[Records for the exercise]
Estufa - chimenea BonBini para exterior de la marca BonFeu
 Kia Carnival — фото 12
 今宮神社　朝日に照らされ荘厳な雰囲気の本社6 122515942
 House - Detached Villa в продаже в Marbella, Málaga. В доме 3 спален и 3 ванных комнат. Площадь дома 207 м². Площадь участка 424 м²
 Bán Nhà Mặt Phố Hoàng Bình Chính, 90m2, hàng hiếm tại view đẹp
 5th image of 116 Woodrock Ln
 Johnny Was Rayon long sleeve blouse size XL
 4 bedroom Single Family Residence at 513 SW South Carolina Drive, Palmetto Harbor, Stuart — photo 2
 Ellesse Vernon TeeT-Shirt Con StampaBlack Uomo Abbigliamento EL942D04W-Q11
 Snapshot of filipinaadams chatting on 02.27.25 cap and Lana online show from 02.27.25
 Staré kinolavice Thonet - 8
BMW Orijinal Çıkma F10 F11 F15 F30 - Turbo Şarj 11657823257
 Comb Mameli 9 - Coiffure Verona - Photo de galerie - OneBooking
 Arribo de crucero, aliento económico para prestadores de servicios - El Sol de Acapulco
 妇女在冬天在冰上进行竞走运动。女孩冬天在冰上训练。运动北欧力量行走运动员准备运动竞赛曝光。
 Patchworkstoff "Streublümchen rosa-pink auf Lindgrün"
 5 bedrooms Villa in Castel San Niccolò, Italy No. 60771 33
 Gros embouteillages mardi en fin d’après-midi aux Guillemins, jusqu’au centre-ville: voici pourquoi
[/Records for the exercise]
» **Exercise aim**: Lines from the first one above through the line containing "Bán Nhà Mặt" are to be retyped exactly, both included, and nothing more.

» **Answer below**:
Estufa - chimenea BonBini para exterior de la marca BonFeu
 Kia Carnival — фото 12
 今宮神社　朝日に照らされ荘厳な雰囲気の本社6 122515942
 House - Detached Villa в продаже в Marbella, Málaga. В доме 3 спален и 3 ванных комнат. Площадь дома 207 м². Площадь участка 424 м²
 Bán Nhà Mặt Phố Hoàng Bình Chính, 90m2, hàng hiếm tại view đẹp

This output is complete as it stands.